In an initial pilot study of our own, we passivated an HPLC system using 0.5 wt% phosphoric acid in acetonitrile:water (90:10), comparing chromatographic results before and after the acid wash. Here, peak shapes for the small molecule adenosine monophosphate (AMP) were symmetrical prior to passivation. However, for metabolites with more phosphate groups such as adenosine diphosphate (ADP) and adenosine triphosphate (ATP), severely tailed peaks were observed prior to the acid wash. These peaks are all shown in the first row of Figure 1. After overnight flushing using the passivation solution, much sharper peaks were observed for both ADP and ATP. The mass spectrometry (MS) signal for ATP was also slightly higher following the phosphoric acid wash. In contrast, the signal for AMP was reduced after the wash, which could be due to residual phosphoric acid still in the system suppressing the ionization of AMP. Furthermore, the peak shapes for some organic acids (malate and citrate) also improved following the phosphoric acid wash (Figure 1b). However, the peak shapes for malate and citrate, even after the passivation procedure, still showed a lot of tailing, leaving room for further improvement. In this case, additional steps were required to mitigate interactions between the analytes and metals in the HPLC system (14–16).

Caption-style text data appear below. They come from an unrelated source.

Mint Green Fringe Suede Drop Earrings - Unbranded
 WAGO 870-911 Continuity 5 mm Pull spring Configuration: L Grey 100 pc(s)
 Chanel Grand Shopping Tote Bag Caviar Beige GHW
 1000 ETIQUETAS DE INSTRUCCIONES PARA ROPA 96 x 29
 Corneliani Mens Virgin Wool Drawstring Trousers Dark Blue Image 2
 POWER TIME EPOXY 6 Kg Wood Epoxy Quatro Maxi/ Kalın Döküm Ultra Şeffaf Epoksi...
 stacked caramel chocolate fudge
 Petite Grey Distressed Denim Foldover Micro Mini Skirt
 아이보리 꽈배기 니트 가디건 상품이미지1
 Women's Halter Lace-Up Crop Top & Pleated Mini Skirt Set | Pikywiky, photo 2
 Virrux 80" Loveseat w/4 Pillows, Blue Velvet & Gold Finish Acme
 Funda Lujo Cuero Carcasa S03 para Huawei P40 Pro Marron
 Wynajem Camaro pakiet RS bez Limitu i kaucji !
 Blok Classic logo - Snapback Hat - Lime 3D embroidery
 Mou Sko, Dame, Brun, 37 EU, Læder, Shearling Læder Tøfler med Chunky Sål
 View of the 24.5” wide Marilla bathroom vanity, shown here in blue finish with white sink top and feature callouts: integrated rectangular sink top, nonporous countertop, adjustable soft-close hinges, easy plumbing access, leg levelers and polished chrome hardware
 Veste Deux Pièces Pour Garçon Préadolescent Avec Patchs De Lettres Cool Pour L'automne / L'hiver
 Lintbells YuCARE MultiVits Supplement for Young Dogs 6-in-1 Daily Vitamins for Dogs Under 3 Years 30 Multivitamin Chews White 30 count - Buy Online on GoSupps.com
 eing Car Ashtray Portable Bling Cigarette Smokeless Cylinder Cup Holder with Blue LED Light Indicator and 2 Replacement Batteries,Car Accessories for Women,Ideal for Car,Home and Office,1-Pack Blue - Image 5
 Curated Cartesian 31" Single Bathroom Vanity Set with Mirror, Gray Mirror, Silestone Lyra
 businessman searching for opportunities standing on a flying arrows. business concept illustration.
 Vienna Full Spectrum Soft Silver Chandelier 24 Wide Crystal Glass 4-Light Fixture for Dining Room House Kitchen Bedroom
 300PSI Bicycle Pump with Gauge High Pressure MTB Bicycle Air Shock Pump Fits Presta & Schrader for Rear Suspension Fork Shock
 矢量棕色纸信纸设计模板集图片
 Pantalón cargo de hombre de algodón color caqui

Figure 1: Separation of (a) phosphorylated nucleotides and (b) organic acids improved after treatment of a conventional SS HPLC system by flushing overnight with a phosphoric acid solution (0.5% phosphoric acid in 90:10 acetonitrile:water) for 16 h at room temperature. Following the phosphoric acid treatment, the HPLC system was flushed with ultrapure water for 1 h to clean the system and avoid introducing phosphoric acid into the mass spectrometer. Gradient HILIC separation was conducted with an aqueous solution of 10 mM ammonium acetate adjusted to pH 9 with ammonium hydroxide in bottle A and acetonitrile:water (90:10) of 10 mM ammonium acetate, pH 9 in bottle B. Figure axes labels are Acquisition Time (min) for x-axis and Counts for y-axis.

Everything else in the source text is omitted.